___ DATASET SECTION ___
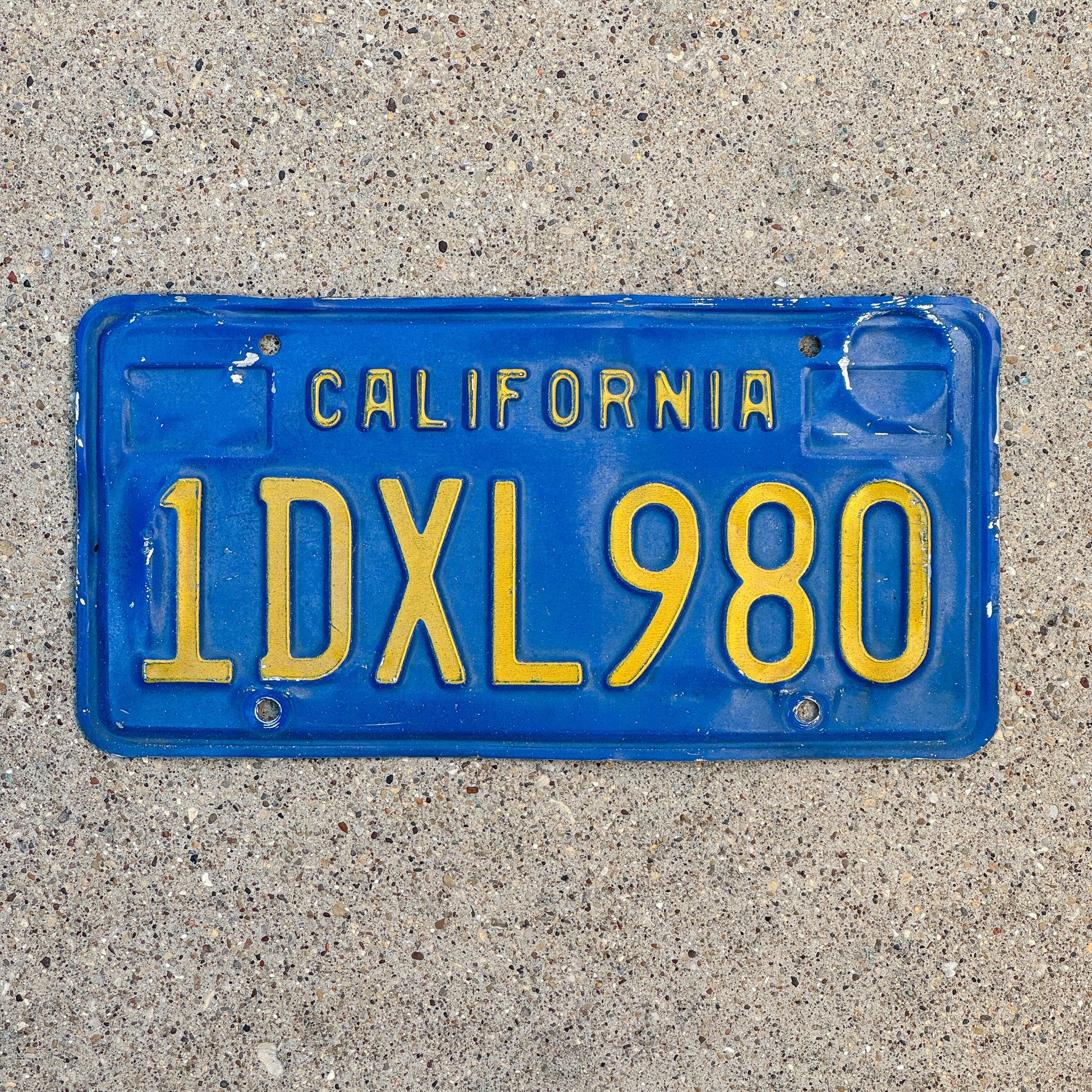 Photo of a 1970 California License Plate Auto Tag Garage Decor Vintage 1 DXL 980 with original patina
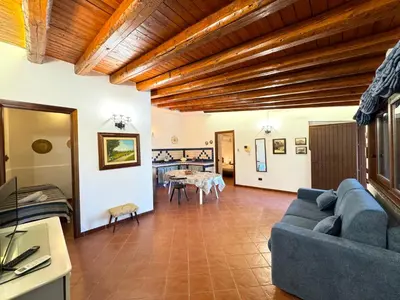 a living room with a blue couch and a table at Villa Talìa in Carini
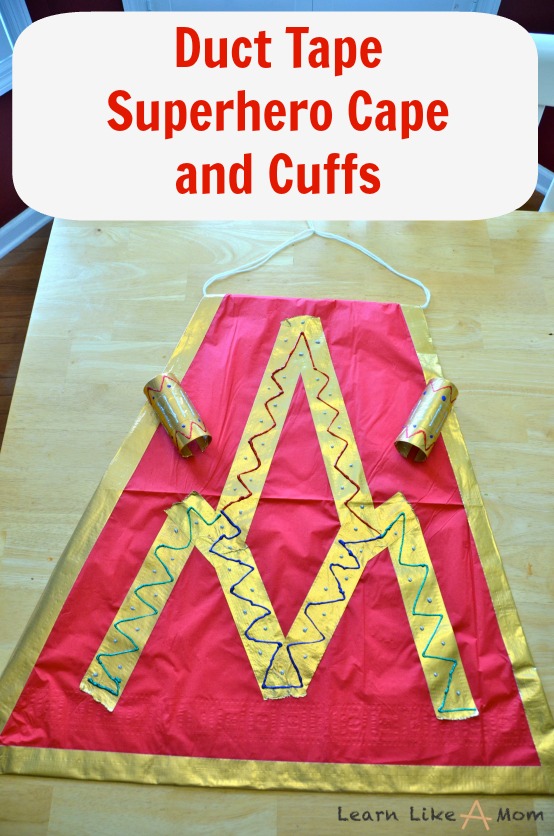 Duct Tape Superhero Cape and Cuffs - Learn Like A Mom! http://learnlikeamom.com/creative-corner/diy/duct-tape-superhero-cape-cuffs/ This is so easy for any costume or just for a day of play!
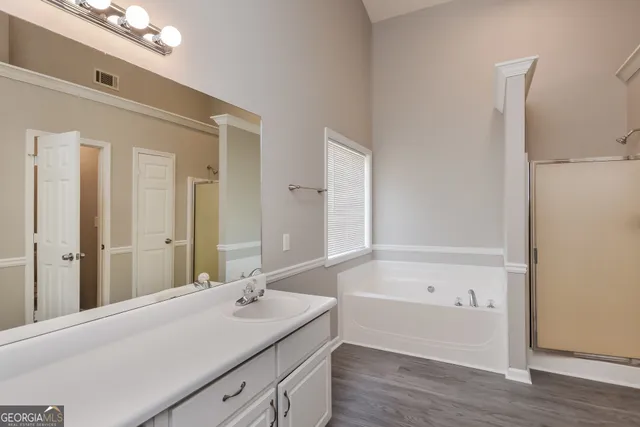 a bathroom with a tub sink and mirror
___
Transcribe only the lines between the line containing "a living room" and the final line of the listing, inclusive, exactly as they appear; no pictures are to be included.

◆ YOUR SOLUTION
 a living room with a blue couch and a table at Villa Talìa in Carini
 Duct Tape Superhero Cape and Cuffs - Learn Like A Mom! http://learnlikeamom.com/creative-corner/diy/duct-tape-superhero-cape-cuffs/ This is so easy for any costume or just for a day of play!
 a bathroom with a tub sink and mirror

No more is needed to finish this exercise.